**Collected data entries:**
____________

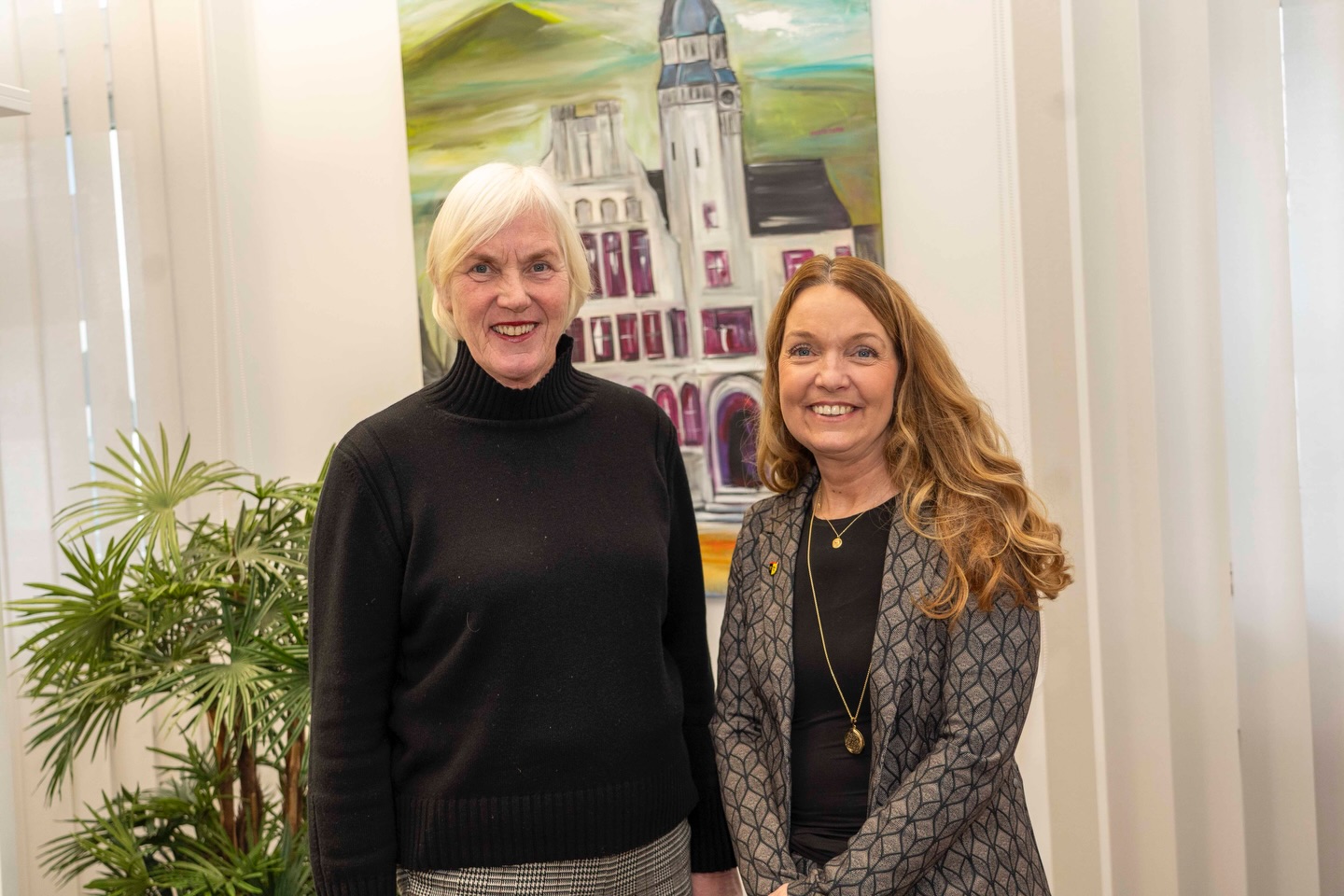 Antrittsbesuch in Gladbeck bei Bürgermeisterin Bettina Weist. 🤝
Bei meinem Besuch im Rathaus Gladbeck habe ich Bürgermeisterin @bettinaweist zu einem intensiven und konstruktiven Austausch getroffen. Im Fokus standen dabei im Gespräch vor allem die Themen Familie und Senioren, Kultur, Sport, Integration und die Reform des Kinderbildungsgesetzes (KiBiz).
Die geplante KiBiz-Reform wird ein wichtiger Schritt sein, um Familien zu entlasten und Kitas sowie pädagogische Fachkräfte nachhaltig zu stärken. Starke Familien sind der Schlüssel für eine gute Zukunft.
Ich danke Bürgermeisterin Bettina Weist ausdrücklich für den offenen, lösungsorientierten Austausch und freue mich auf die weitere vertrauensvolle Zusammenarbeit im Sinne Gladbecks.
Foto: Stadt Gladbeck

____________

**Brief:** The answer must be the lines from the one containing "Bei meinem Besuch" to the final line of the data above, copied exactly, both included, with nothing added.

**Result:**
Bei meinem Besuch im Rathaus Gladbeck habe ich Bürgermeisterin @bettinaweist zu einem intensiven und konstruktiven Austausch getroffen. Im Fokus standen dabei im Gespräch vor allem die Themen Familie und Senioren, Kultur, Sport, Integration und die Reform des Kinderbildungsgesetzes (KiBiz).
Die geplante KiBiz-Reform wird ein wichtiger Schritt sein, um Familien zu entlasten und Kitas sowie pädagogische Fachkräfte nachhaltig zu stärken. Starke Familien sind der Schlüssel für eine gute Zukunft.
Ich danke Bürgermeisterin Bettina Weist ausdrücklich für den offenen, lösungsorientierten Austausch und freue mich auf die weitere vertrauensvolle Zusammenarbeit im Sinne Gladbecks.
Foto: Stadt Gladbeck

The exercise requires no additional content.